CommScope and the U.S. Department of Justice announced a settlement Thursday in connection with CommScope’s proposed $2.6 billion takeover of Andrew Corp. that will require Andrew to divest its 30% interest in Andes Industries in order to proceed with the acquisition.
The Justice Department said the transaction, as originally proposed, would have “substantially lessened competition in the development, manufacture, and sale of drop cable,” which is coaxial cable used by cable operators. In addition, the agency said, it would have given CommScope the ability to appoint directors to the board of Andes, a substantial competitor, in violation of federal law.
“This settlement ensures continued competition in a key component necessary for the transmission of cable television, which is an important product for millions of consumers,” said Thomas O. Barnett, assistant attorney general in charge of the Justice Department’s Antitrust Division.

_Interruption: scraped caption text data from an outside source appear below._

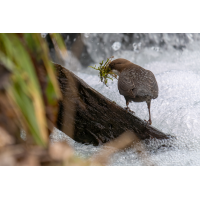 Nestbau
(Erich) P1034756-RW2_.JPG (Erich)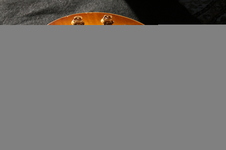 Enlarge photo 45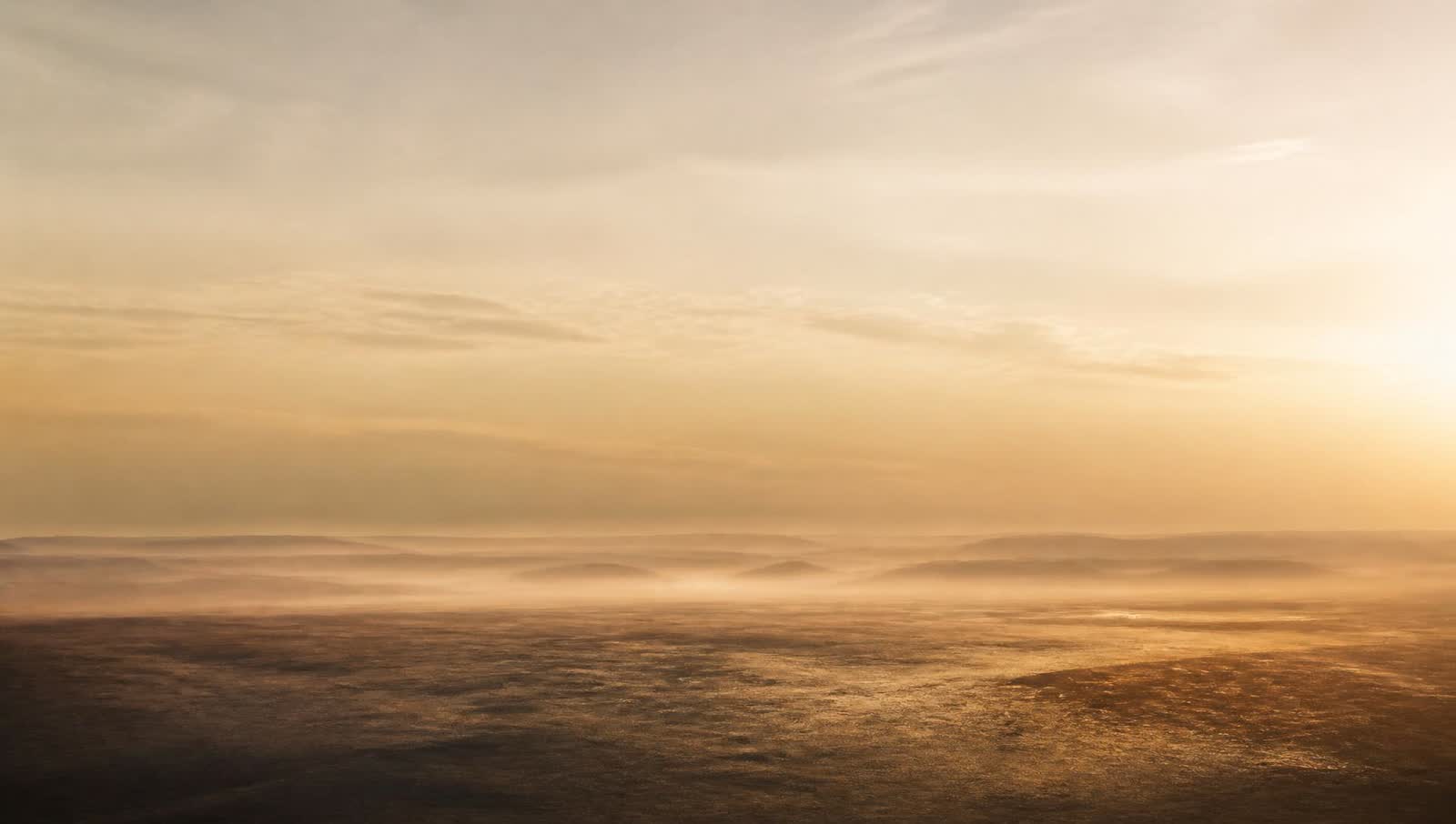 Editorial interlude — abstract image marking the transition between disciplines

CommScope and a subsidiary of Andes, PCT International, are currently two of only four companies that provide drop cable to cable companies in the United States, according to the Justice Department, a market that comprises sales of approximately $500 million annually.
Under the proposed settlement, CommScope and Andrew must divest all of Andrew’s stock ownership and other interests in Andes. The settlement is subject to approval by the U.S. District Court for the District of Columbia.
In a statement, CommScope said the value of the “non-core assets” the Justice Department is requiring to be divested was less than $25 million as of Sept. 30. The company said it expects to close the transaction by year-end, subject to the satisfaction of other customary conditions.
CommScope also noted that the proposed Andrew transaction has been cleared by the European Commission as well as other required regulatory authorities. Andrew stockholders are scheduled to vote on the transaction on Dec. 10.